Huaracha and Kari make a deal of sorts, where in turn for helping Kari
to overthrow Urco, Kari promises that when he is Inca, The Chanca people
will have their independence. Though he makes no promises in regards
to returning Quilla, because it would bring curses on his nation to remove
a virgin of the Sun, Huaracha agrees to this deal and they proceed to battle.
Word has spread in the city of Cuzco that Kari lives and would seek revenge
on Urco his brother, and the Incan armies are prepared waiting in camps
in the valley where lies the city of Cuzco. The battle begins.
The Chancas are less in number; however, because of Hubert’s superb training
they “…stood like rocks and slew and slew and slew till the dead could
be counted by the thousand” (218). Then at a point when fate seems
as though I may change, Kari hold up a banner with the symbol of a great
sun on it. At the sight of this, thousands of Incan soldiers stop
fighting for Urco and begin fighting on the side of the Chancas.
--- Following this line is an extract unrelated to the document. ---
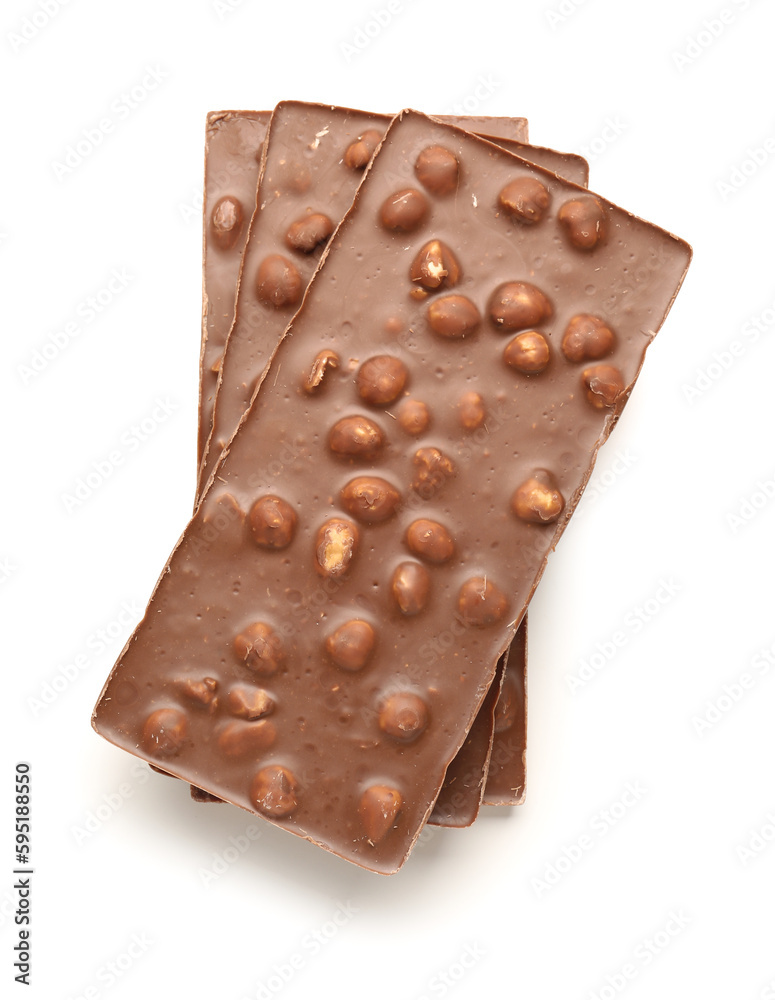 Sweet tasty chocolate with nuts on white background Sweet tasty chocolate with nuts on white background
This bloody battle continues leaving thousands dead and generals of either
side seriously wounded. Hubert is carried away into the city of Cuzco
as a “prisoner”, yet the Incan people treat him as a god. After he
rests, he meets with the Inca Upanqui. The Inca requests that he
bring his servant, thought to be Kari, to him so that he may know if his
firstborn son truly lives or not. Hubert asks for Quilla’s release
in return, something that even the Inca says he cannot offer. They
agree to finish this conversation later.
Analysis: The Comic Vision
In The Virgin of the Sun, Haggard
follows Frye’s general plan of Twenty Questions or the Great Chain of Being.
According to this plan, chapter 14, The Field of Blood, has the central
pattern of comic vision. In the human world Hubert, as Frye says
the hero should, “…represents the wish-fulfillment of the reader” (650).
Through him the reader is able to have a noble character (represented by
the way he helps Kari in London), fall in love and have love returned to
him (through Blanche and Quilla), and even embark on a great adventurous
journey across the world. According to Frye, the comic vision is
also represented in the unformed world. “In the comic vision the
unformed world is a river” (651). Haggard sets the city of Cuzco,
“…standing in a valley through which a river ran” (213). The last
representation of the comic vision in this chapter is found in the mineral
world. Frye states that this can be though, “a glowing precious stone”
such as gold or silver (651). In Haggard’s The Virgin of the Sun,
Hubert describes such “precious materials”. “I noted a marvelous
thing, namely: that all the plants therein were fashioned of solid
gold with silver flowers, or sometimes of silver with golden flowers.
Also there were trees on which were perched birds of gold and silver” (222).
Question 1: Is Hubert’s sword, Wave-Flame a symbol of comic or tragic vision? Explain.
Question 2: Do the images used in a drama
determine what type of genre it is? Explain.